桃唄309『トレインホッパーズ』

劇団桃唄309 新作公演『トレインホッパーズ』
2007.3.14(水)〜18(日)
中野 ザ・ポケット
戯曲・演出:長谷基弘
出演:吉原清司/森宮なつめ/嶋村太一/バビィ/吉田晩秋/山口柚香/佐藤達/貝塚建/國津篤志/北村耕治/伊坂亮/服部健太郎/奥野磨記
http://www.momouta.org/products/200703THops/

17日の昼公演を観て来ました。










私が今まで主に観てきた小劇場系の芝居は、セリフや立ち居振る舞いがより日常に近い形で行われるものが多かったんですが、この桃唄309という初めて観る劇団は、どちらかというと「日常」よりも「芝居」に近い印象。もちろんそれは良し悪しではなく。こういうちょっとだけオーバーランするような芝居も、見ごたえあって私は好きです。
走行中の貨物列車などに飛び乗り無賃乗車(トレインホッピング)し、自由に旅を続ける旅行者たち(トレインホッパーズ)の物語。かつての仲間の葬式で再会した彼らの思い出話、あるいは彼らのことを取材に来た記者とのやりとりで話が進んでいくのだけれど、時間軸が過去と現在、フィクション・ノンフィクションも入り乱れて境目がわかりづらく、出されるヒントを拾い集めて話を組み立てていって最終的に「ああこういうことか」と納得しながら観ていく感じだったのでちょっと疲れる構成。この劇団はいつも稽古しながら台本を練っていく、という手法をとっているようなのでこういう構成の芝居になってるんだと思いますが、もう少しスッキリ観られればなあ。
とはいえすごく面白かった。

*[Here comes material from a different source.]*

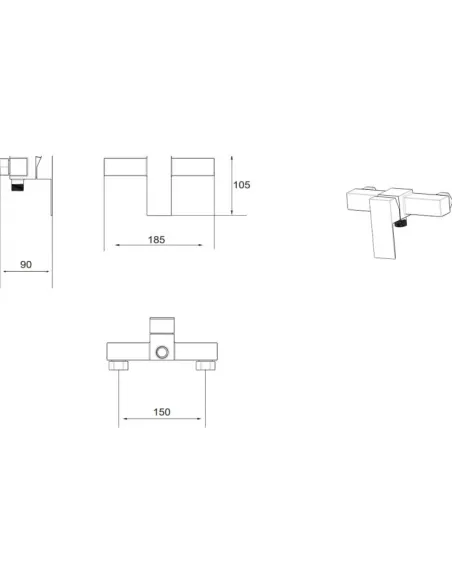 Змішувач для душу Venta VC513NS, нержавіюча сталь, сатин - 3
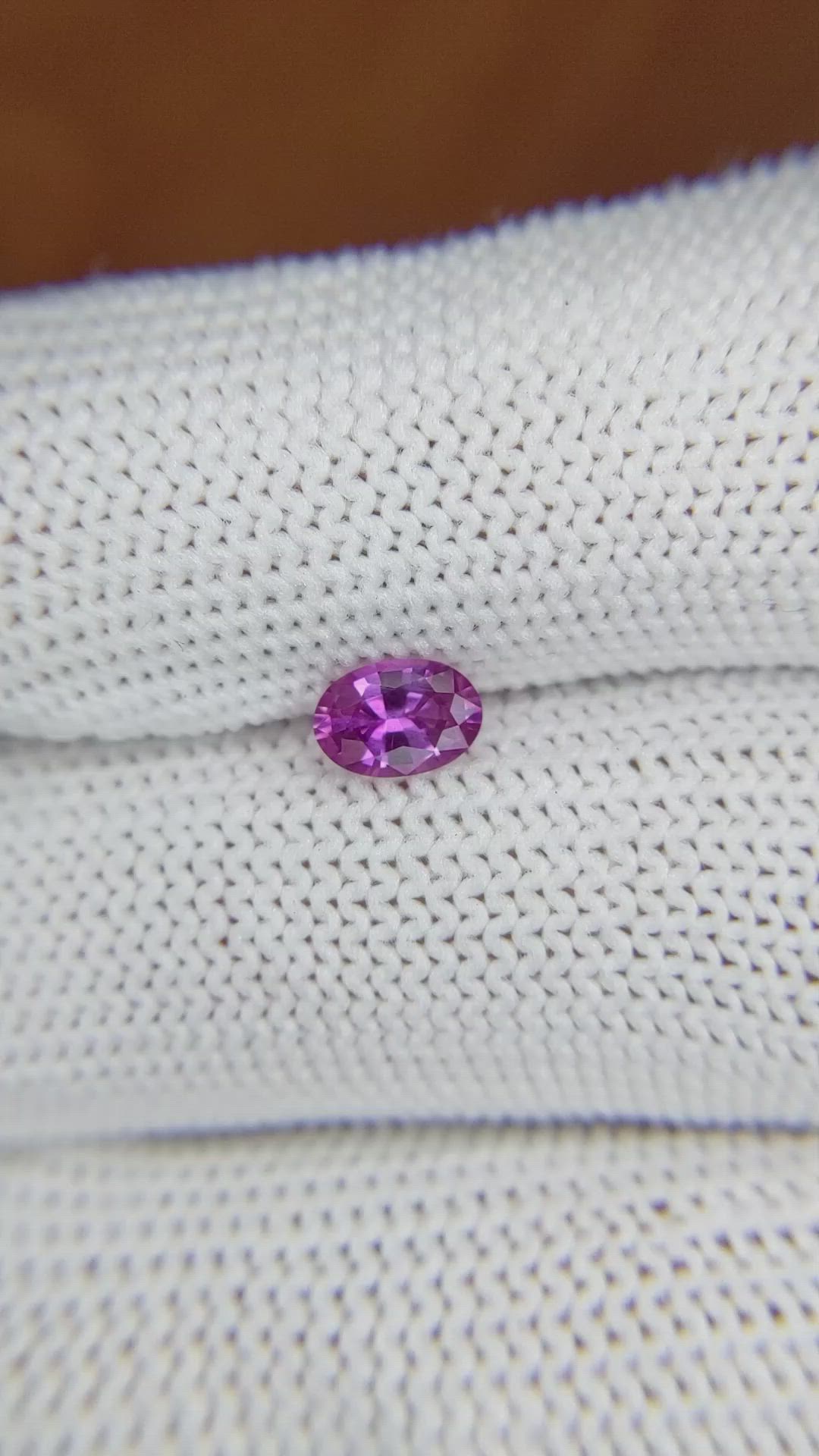 0.59 Ct. Pinkish Purple Sapphire from Ceylon (Sri Lanka) Size Video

一段高くなってるひな壇があるだけの素舞台で、舞台袖を出捌けする役者もあわせて客席に見せるような舞台の構造とか、暗転の代わりに黒い大きい旗を振ってそれに合わせて役者が動き、場面の転換をしたりだとか、凝った演出。本来こういう凝ったものって苦手なんだけど、この芝居に関してはそれがすごく効果的に使われてたように思った。こういう演出が効くのも「日常」よりも「芝居」寄りな雰囲気のせいかも知れない。
日本から逃げ出してトレインホッパーとなった者や、偶然が重なってトレインホッパーになった者。目的がよくわからないうちに旅そのものが目的となり、最終的にはそれすらもあやふやになって結局どんどん思考が先行し、何が目的なのかもわからないまま革命家気取りで暴動など起こしてしまう。そんなあやふやに漂う若者たちの姿が痛々しくもあり微笑ましくもあり心強くもあり。脚本の力に引き込まれた芝居でもありました。